Rather than reply and quote lots of points, I'll just bring up a few things
which could help clarify our goals. I'm sure not everybody will agree or
love all of them, we know there are compromises here but attempted to make
choices with the user's benefit and ease of use in mind.

* The package is called puppet-agent because Puppet is more than the tool
puppet at this point. It's an ecosystem. It's a suite of tools working
together to manage infrastructure and applications. The agent is the word
that means "all the stuff you need to run an endpoint in this ecosystem."

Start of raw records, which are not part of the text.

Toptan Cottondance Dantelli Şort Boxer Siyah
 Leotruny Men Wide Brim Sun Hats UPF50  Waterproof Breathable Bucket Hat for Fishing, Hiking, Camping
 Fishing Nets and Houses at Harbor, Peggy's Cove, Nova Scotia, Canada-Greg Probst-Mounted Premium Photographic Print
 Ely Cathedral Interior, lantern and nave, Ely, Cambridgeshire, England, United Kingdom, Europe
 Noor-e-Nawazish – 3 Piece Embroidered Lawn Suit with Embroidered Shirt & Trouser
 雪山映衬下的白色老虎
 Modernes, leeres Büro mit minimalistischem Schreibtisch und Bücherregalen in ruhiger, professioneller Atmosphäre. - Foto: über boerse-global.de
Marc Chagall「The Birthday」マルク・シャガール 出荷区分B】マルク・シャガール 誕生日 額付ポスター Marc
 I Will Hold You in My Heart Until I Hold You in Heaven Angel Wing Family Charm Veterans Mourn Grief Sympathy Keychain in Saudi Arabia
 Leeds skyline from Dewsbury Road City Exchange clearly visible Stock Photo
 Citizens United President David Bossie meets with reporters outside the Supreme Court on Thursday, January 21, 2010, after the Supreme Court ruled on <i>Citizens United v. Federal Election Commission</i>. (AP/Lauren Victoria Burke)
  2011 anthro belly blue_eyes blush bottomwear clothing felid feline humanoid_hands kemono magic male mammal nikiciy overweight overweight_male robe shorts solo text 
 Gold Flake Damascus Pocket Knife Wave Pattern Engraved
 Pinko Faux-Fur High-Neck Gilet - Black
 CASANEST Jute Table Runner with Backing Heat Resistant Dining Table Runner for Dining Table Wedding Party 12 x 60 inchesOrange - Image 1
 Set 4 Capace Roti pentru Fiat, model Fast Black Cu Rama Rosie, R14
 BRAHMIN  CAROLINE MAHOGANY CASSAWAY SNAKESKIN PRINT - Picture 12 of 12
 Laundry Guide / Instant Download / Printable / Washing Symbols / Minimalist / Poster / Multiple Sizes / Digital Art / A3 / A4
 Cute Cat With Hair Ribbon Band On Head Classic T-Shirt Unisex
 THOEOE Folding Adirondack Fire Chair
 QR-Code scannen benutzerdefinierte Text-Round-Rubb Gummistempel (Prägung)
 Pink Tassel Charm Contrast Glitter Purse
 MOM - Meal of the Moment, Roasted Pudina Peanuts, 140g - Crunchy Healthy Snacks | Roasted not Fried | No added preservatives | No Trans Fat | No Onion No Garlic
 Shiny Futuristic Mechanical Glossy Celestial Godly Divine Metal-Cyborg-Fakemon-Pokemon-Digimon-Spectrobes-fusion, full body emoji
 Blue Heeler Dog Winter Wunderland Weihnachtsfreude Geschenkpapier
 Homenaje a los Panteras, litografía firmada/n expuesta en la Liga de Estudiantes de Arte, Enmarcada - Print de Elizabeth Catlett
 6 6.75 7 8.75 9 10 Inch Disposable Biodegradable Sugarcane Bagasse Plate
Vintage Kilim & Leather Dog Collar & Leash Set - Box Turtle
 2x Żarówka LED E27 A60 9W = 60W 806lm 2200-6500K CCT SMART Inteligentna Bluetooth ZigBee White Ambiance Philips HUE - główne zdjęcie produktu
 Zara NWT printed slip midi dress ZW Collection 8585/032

* We wanted to get away from our users having to carry the cognitive load
of understanding each component we have, what it does and what versions
work well together or have conflicts, what dependencies are required, and
where do I get those?

* The bits inside the agent should be able to be more of a single user
experience.  A key message for this point was when the head of technical
docs said "Nobody wakes up in the morning and says 'I want to hiera
today'".  We want the user experience to be easy to manage and work with.
That doesn't mean that if somebody wants to get into the
bits/packages/projects/source they shouldn't be able to -- we just don't
want that to be a requirement.

* Version numbers - they are hard. We restarted at 1.0 because it was a new
thing. Eric and I were talking yesterday and maybe it would have made more
sense to put it at 4; however because of the argument that he made earlier
in the thread, there are cases where that could create other types of
confusion.

* Somewhere in the thread somebody asked about Puppet's new filesystem
layout and if things would work in another location. I've seen Fedora
already pick up the puppet 4 source and package it right up for their
distro, so I think that's working. [1]

* The packaging toolchain will be opened up. We're not quite there yet
because there are some hard-coded assumptions that need to be abstracted
away. We also need some documentation and examples -- otherwise that's
going to be a difficult climb.

* I'm not sure if introducing Collections and the AIO and Puppet 4 all at
the same time helped with cognitive load. I'm sorry if that hasn't worked
out. Collections from a user's perspective are mostly a package repo. The
AIO is the end point. Puppet 4 is a subcomponent of that, which can be a
bit confusing. We'll be working on our messaging, tooling and way we talk
about this to make the largest amount of people happy.

I do welcome questions and criticism here. We do like to hear opinions and
options. I certainly can't promise we'll act on every complaint or
suggestion, but I'm sure the criticisms are valid.